Monday, May 16, 2011

The Tell-Tale Heart



              Edgar Allen Poe is seriously one of my favorite writers. When you just get a craving for the macabre Edgar Allen Poe has got your fix. The Tell Tale Heart is one of my favorite, but The Raven is one that I literally know by HEART.

             Anyway, in the Tell-Tale Heart the narrator is truly insane. When you have to repeat to people or keep trying to convince them your not insane, your insane. But the narrator is an evil genius, well at least according to him. He murders the old man without a single visible drop of blood. When the police go around asking about the scream, what gets him to confess to what he has done is his madness. I know a lot of people say that it is not really guilt that gets him to confess but I think guilt may have played a tiny role in his confession. After all he actually liked the old man, it was just his evil eye that bothered the narrator. That is why he hesitated each night.

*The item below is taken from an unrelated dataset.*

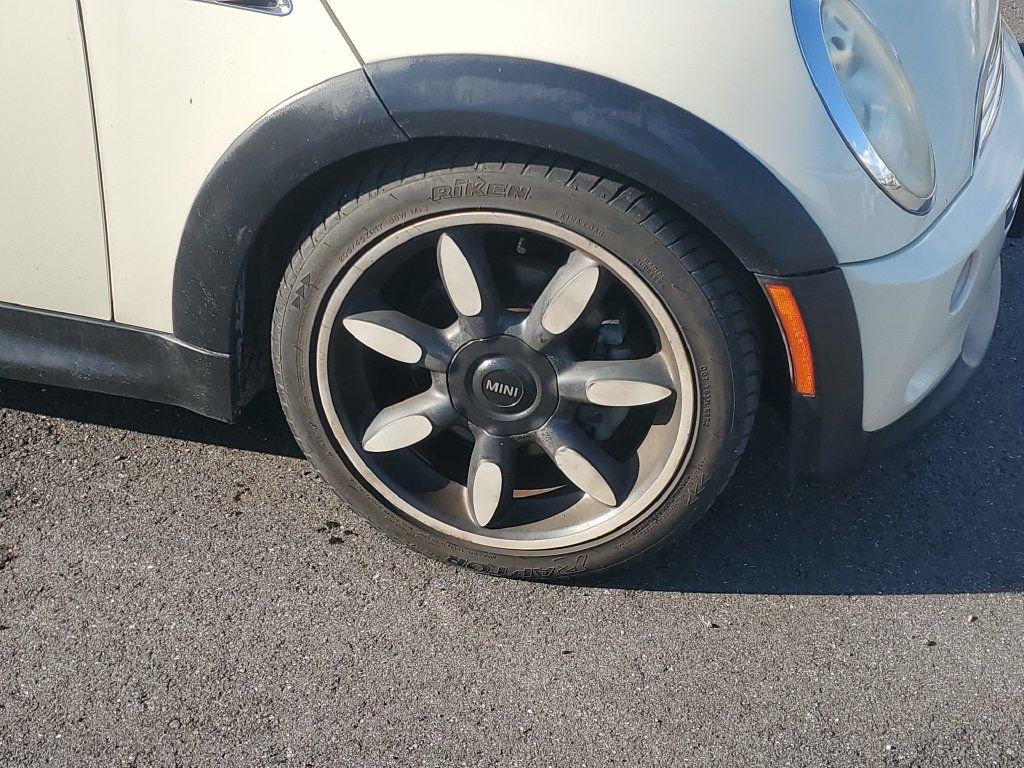 Used 2007 MINI Cooper S FWD image 10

Why it took eight days for the narrator to kill the man. All those other nights the man was asleep, the evil eye nowhere to be seen. On the eighth night, though, the evil eye made an appearance and that’s what drove the narrator to commit murder. For in some cultures the only way to get rid of the evil eye is to destroy it. But then after killing the old man the narrator could no longer see the evil eye. He just saw the dead old man and that’s when a little speck of guilt entered the narrators mind. This speck of guilt and the madness was what drove the narrator to confess.